Astrocyte gap junction dysfunction activates JAK2-STAT3 pathway to mediate inflammation in depression

Abstract

Connexin 43 (Cx43) is highly expressed in astrocytes and forms gap junctions that maintain intercellular communication. Dysfunctional gap junctions in astrocytes exacerbate depressive symptoms, which has been implicated in the pathogenesis of depression. Inflammatory responses occur in the brains of most people with depression. However, it is unclear whether dysfunctional astrocyte gap junctions mediate the onset of the inflammatory response in the brains of depressed patients. Transporter protein (TSPO), the most common neuroinflammatory marker and a novel target of antidepressants identified in recent years, is mainly expressed by glial cells in the brain and is abnormally upregulated during inflammatory activation. We found that in a mouse model of chronic unpredictable stress (CUS), astrocyte gap junctions in the prefrontal cortex are impaired and the JAK2-STAT3 signaling pathway is activated, leading to an increase in the inflammatory marker TSPO. Based on this finding, we further verified using Cx43 transgenic mice that conditional knockdown of Cx43 in prefrontal cortex astrocytes also activated the JAK2-STAT3 inflammatory signaling pathway, with concomitant elevated levels of the inflammatory marker TSPO, and the mice developed depressive-like behavior.
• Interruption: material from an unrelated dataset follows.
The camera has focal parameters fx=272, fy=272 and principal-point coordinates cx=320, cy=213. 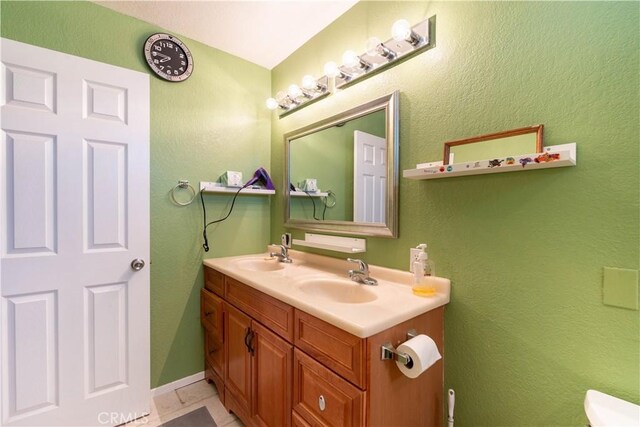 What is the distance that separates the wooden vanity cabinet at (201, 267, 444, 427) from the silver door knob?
1.61ft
In contrast, impaired corticosterone (CORT)-induced gap junction function and increased TSPO were ameliorated by the JAK2-STAT3 inhibitor protosappanin A (PTA). Thus, targeting astrocyte Cx43 attenuates the inflammatory response in depression and improves depressive symptoms. This provides a new perspective on the pathogenesis of depression and a new therapeutic target for antidepressant research.